Required work — Look through the records below, and whenever a line contains "Patchwork", copy it.

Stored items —
☆ ☆ ☆ ☆ ☆ ☆ ☆

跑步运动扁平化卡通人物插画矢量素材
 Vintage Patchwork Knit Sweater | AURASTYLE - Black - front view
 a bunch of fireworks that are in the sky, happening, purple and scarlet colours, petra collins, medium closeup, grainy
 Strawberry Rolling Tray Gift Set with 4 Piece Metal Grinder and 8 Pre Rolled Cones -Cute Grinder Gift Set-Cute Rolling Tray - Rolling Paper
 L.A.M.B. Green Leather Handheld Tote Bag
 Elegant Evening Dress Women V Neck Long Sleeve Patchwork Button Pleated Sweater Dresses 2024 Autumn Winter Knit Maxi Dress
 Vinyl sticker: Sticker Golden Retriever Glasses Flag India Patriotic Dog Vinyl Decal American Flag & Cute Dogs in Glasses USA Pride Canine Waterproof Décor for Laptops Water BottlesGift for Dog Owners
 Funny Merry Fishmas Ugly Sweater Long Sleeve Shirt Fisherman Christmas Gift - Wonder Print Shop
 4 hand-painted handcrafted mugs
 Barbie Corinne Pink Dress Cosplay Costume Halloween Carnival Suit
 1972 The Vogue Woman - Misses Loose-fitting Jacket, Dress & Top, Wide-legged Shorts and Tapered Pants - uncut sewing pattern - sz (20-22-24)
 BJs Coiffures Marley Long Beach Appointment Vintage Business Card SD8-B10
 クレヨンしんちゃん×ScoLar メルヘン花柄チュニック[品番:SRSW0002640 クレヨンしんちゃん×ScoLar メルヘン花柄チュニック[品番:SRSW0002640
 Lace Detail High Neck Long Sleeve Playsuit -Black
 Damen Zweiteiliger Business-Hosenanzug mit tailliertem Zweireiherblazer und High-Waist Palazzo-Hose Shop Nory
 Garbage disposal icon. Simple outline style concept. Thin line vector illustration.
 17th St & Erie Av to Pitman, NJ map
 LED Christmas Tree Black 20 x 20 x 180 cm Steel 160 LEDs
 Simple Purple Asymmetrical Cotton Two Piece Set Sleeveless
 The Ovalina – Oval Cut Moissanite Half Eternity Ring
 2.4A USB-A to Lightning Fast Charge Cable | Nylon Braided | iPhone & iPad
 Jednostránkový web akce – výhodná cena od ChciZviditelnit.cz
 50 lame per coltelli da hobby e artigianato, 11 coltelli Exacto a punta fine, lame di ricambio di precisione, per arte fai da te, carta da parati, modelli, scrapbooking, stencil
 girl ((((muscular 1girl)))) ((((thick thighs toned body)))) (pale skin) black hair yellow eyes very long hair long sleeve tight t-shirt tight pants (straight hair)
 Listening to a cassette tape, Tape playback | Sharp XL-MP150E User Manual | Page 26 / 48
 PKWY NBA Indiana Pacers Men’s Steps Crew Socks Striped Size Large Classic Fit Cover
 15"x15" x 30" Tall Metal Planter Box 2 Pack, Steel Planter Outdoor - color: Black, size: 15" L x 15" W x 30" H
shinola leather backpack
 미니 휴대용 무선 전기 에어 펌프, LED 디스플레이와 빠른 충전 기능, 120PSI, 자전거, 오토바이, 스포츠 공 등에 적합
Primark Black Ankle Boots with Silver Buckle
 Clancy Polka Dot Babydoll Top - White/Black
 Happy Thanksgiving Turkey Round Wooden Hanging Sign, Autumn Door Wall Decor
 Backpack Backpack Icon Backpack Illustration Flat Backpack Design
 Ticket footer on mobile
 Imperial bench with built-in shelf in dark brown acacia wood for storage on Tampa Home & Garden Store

☆ ☆ ☆ ☆ ☆ ☆ ☆

Response box —
 Vintage Patchwork Knit Sweater | AURASTYLE - Black - front view
 Elegant Evening Dress Women V Neck Long Sleeve Patchwork Button Pleated Sweater Dresses 2024 Autumn Winter Knit Maxi Dress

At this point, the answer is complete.